-- Dataset excerpt follows --

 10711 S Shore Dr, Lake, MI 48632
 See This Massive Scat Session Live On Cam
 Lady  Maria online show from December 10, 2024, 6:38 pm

-- Dataset excerpt concluded --

Beginning with the line that holds "See This Massive Scat Session Live On Cam", please return every line through the end of the data, exactly as written.

**Exercise response**
 See This Massive Scat Session Live On Cam
 Lady  Maria online show from December 10, 2024, 6:38 pm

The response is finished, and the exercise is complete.